Edge classifies your data when you register a data source using Edge, synchronize one or more schemas and trigger the profiling and classification job. Edge profiles and classifies the data on the Edge site itself and only sends the profiling results and classification suggestions to Collibra Data Intelligence Cloud. You can accept or reject the predicted data class of each column or add your own new classes. Automatic data classification can predict multiple data classes for a column. In this case, if the prediction is accurate, you can accept multiple data classes for the column.

Limitations

  • Automatic data classification via Edge is only available for customers using Collibra Data Intelligence Cloud.
  • Out of the box, automatic data classification can predict a limited set of data classes. You can create user-defined data classes, but when you synchronize the data source in Data Catalog, the data classes will be removed.
  • Currently, data classification on Edge does not retrain the classification model to improve future classification predictions.
  • English is the only supported language, but automatic data classification can run on data in other languages as well.
  • Automatic data classification needs profiling data to be able to predict the data classes. Data classification is performed automatically after the profiling process on an Edge site.
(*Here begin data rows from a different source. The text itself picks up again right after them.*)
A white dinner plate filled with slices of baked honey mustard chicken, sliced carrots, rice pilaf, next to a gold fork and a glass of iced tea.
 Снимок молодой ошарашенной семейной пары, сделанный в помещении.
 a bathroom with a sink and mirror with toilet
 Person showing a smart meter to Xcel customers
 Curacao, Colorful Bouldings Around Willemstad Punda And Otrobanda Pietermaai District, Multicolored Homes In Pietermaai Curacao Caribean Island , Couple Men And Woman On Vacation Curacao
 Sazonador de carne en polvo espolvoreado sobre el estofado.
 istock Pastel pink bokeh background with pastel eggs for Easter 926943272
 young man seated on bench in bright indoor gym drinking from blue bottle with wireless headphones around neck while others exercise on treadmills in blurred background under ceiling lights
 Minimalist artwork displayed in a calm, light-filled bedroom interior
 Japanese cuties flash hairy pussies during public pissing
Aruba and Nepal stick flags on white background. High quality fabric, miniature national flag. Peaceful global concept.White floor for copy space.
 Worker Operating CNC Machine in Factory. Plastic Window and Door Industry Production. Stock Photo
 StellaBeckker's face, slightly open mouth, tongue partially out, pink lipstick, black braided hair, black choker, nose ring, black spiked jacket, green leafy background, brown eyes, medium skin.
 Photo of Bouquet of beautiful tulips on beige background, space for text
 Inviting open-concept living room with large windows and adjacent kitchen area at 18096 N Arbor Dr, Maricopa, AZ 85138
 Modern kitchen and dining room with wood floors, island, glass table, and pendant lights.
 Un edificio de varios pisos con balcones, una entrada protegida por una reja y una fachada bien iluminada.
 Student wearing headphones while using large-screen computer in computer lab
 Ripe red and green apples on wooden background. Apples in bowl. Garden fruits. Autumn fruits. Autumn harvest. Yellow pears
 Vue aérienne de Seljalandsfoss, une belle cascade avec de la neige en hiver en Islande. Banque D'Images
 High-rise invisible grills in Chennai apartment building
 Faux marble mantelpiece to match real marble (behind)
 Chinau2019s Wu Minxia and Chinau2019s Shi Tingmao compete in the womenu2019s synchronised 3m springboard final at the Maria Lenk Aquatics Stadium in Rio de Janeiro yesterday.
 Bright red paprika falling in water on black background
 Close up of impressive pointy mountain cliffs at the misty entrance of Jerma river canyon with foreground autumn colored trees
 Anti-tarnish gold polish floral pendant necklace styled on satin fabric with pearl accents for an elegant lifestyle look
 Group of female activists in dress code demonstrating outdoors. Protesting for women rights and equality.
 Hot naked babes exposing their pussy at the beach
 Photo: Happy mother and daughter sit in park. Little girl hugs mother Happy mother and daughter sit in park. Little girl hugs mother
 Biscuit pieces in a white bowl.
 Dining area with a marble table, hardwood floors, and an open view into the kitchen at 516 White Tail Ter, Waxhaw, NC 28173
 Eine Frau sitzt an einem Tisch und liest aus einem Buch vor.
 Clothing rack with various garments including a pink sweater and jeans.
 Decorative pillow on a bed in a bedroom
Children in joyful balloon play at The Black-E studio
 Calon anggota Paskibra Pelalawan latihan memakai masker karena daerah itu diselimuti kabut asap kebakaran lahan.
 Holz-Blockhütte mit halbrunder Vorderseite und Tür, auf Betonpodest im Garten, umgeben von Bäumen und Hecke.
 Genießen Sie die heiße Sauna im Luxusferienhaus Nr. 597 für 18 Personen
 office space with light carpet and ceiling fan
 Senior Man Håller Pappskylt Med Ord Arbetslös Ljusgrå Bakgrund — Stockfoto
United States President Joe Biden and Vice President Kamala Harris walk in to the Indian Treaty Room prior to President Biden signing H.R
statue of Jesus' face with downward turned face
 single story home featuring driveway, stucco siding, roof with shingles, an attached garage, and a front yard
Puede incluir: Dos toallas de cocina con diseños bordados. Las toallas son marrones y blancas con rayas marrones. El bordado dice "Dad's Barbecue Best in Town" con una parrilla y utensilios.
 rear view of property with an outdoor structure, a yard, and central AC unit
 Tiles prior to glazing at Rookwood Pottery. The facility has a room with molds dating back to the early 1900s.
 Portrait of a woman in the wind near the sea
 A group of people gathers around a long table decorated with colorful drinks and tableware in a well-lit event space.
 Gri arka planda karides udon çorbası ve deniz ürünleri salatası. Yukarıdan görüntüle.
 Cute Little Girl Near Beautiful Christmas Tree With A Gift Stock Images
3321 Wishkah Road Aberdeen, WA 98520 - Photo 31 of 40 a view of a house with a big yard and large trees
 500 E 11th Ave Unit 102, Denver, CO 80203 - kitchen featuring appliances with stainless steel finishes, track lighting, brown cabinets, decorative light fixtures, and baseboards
That means that you can only classify columns of data sources registered in Data Catalog via an Edge site that has the JDBC profiling capability.

Automatic data classification flow

In the following schema, you can see the different steps of an automatic data classification flow via Edge.

Data Classification flow

Step

Description

Step 1

You create an Edge site with a JDBC connection, a JDBC ingestion capability and a JDBC profiling capability.

Step 2

You register a data source via Edge.

Step 3 On the Configuration tab page of the registered database's asset page, you synchronize one or more schemas. Data Catalog then triggers Edge to initiate the synchronization job.
Step 4

After the synchronization job is finished, you open the Profiling and classification tab and click Run profiling and classification. Data Catalog then triggers Edge to initiate the profiling and classification job.

Edge sends the profiled data and the data class suggestions to Collibra Data Intelligence Cloud. Sensitive data is automatically anonymized before the metadata is sent to Collibra.

Tip You can also automatically trigger the profiling and classification job after synchronizing a schema.